GLENDALE, Ariz. -- Parents, if you want your kids to succeed in school, it is essential you be there with them.
And while you can't actually be in the classroom, one school district is working had to make sure you still know what is going on.
“We know that the number one predictor of student success is always going to be parental involvement,” said Jonathan Parker, who teaches AP U.S. history at Thunderbird High School. He says students just do better with parents involved.
It is something Chanell Guerra knows as well.

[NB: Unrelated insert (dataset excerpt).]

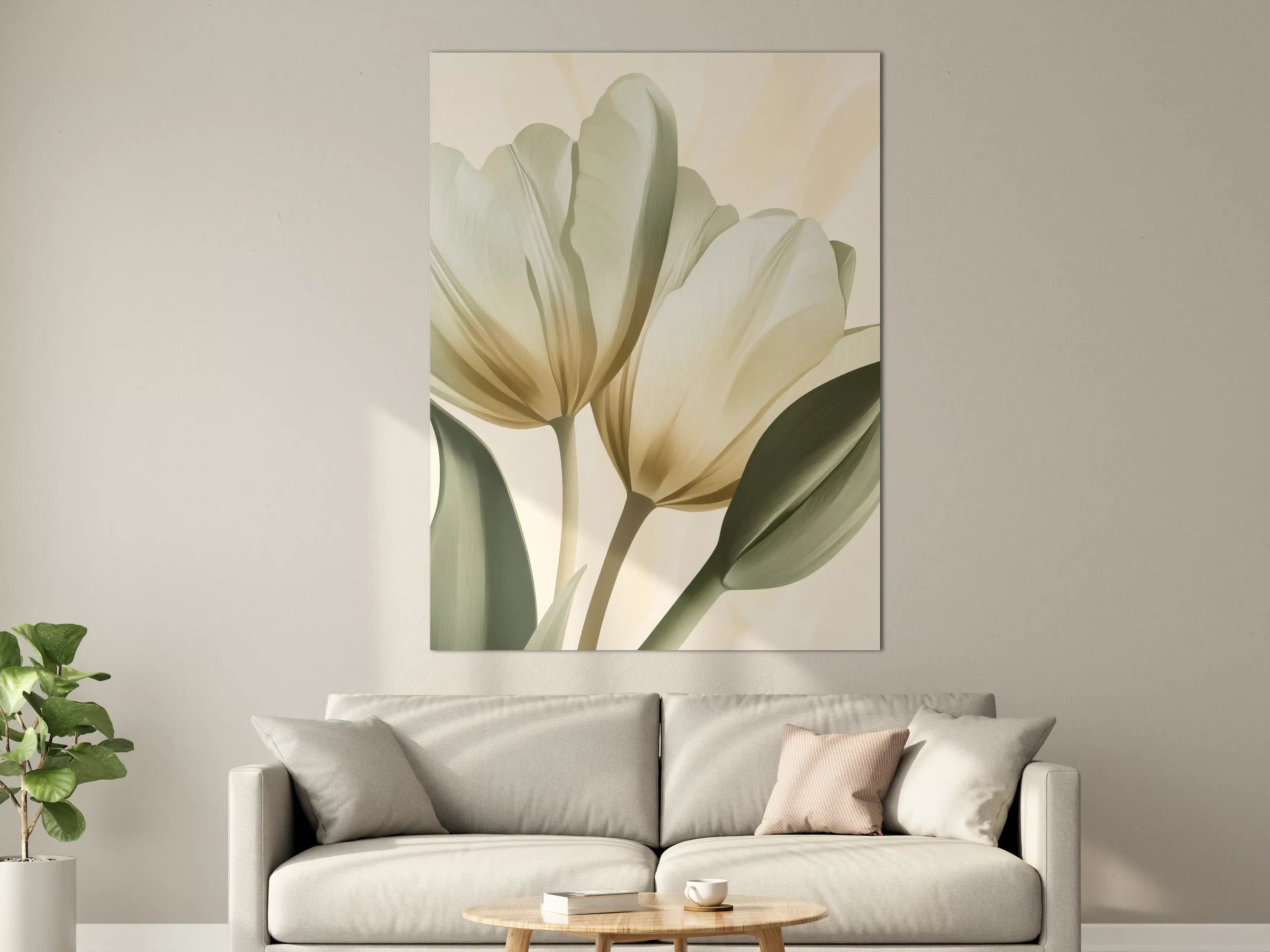 Große Wandbilder - Weiß-graue Tulpen mit grünen Blättern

Her daughter goes to Greenway High School.
“It is definitely important to be involved in academics,” she said, “to know what is going on, to help her, guide her to the next level of her life."
That is why she was with her daughter, Brianna, at freshman orientation day, which Principal Ed Barnes says is also parent orientation day.
“We wanted to take advantage of the opportunity to meet with our parents so that they had a chance to see who their administration team was, what the teacher perspective is of coming in and working with freshmen, and all the resources our district offers," Barnes said.
According to Barnes, Glendale Union High School District has made parental involvement a top priority.
“It is a partnership. We adopt kids for four years, and over that four-year span, the relationship that is there can only happen if the parents are involved.“
So parents here are encouraged to contact teachers directly.
"I think the main important thing is when you get to the school to reach out to that teacher and give them your email address and get theirs as well,” Guerra said.
Fellow parent Ed Smith added, “So you can just talk to them, ask questions. They do get back very quickly, so we have always had a lot of success with email.”
Parents are also encouraged to get kids involved in extracurricular activities.
"Just to be involved, to be with her peers, to be social, to be out there, to be open is also very important throughout the school year," Guerra said.
And parents can check grades, assignments, absences and more at any time thanks to a parent portal they can access online and on the go.
“It does help you get acquainted with your child and, you know, maybe give them some kind of guidance about what their project is about or help them out," Guerra said.
Another parent, Amy Olson, says it helps her make sure her daughter is keeping up.
“I do ask her a lot. I am like, 'Where is your classwork?' or 'What did you do in class today?' ... Now I can actually look in there and see what she is doing," Olson said.
The payoff? Parents feel more connected and students are on the path to success.
“And just to be a main focal point so they can have someone to look up to and know that there is someone there for them to help them throughout their school year," Guerra said.